# Your assignment
With the pictures left out, restate exactly the part below that opens with the line containing "A modern kitchen" and closes with the line containing "Tools for weaving".

# Data extract
######

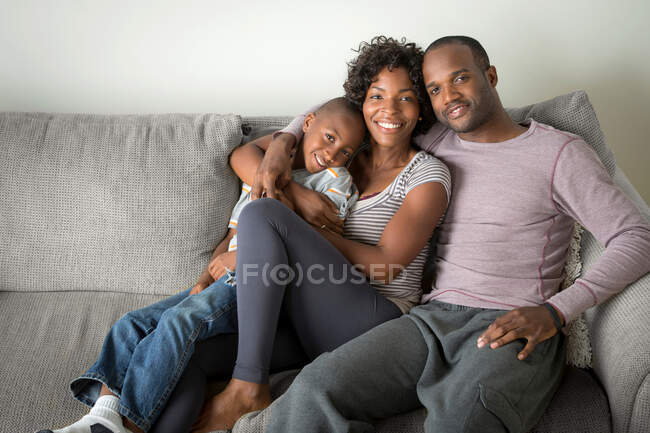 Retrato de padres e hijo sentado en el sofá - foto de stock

######

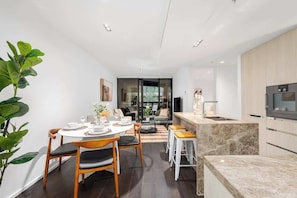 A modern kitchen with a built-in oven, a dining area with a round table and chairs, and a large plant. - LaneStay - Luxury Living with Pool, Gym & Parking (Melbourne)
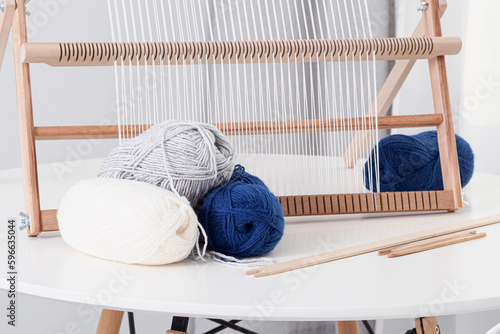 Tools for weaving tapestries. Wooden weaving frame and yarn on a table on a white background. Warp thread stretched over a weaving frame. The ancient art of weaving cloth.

######

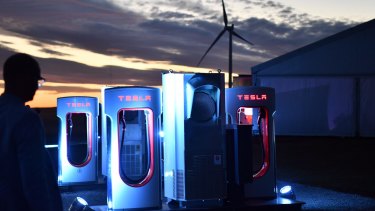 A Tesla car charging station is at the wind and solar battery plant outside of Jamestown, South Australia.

######

# Answer space
 A modern kitchen with a built-in oven, a dining area with a round table and chairs, and a large plant. - LaneStay - Luxury Living with Pool, Gym & Parking (Melbourne)
 Tools for weaving tapestries. Wooden weaving frame and yarn on a table on a white background. Warp thread stretched over a weaving frame. The ancient art of weaving cloth.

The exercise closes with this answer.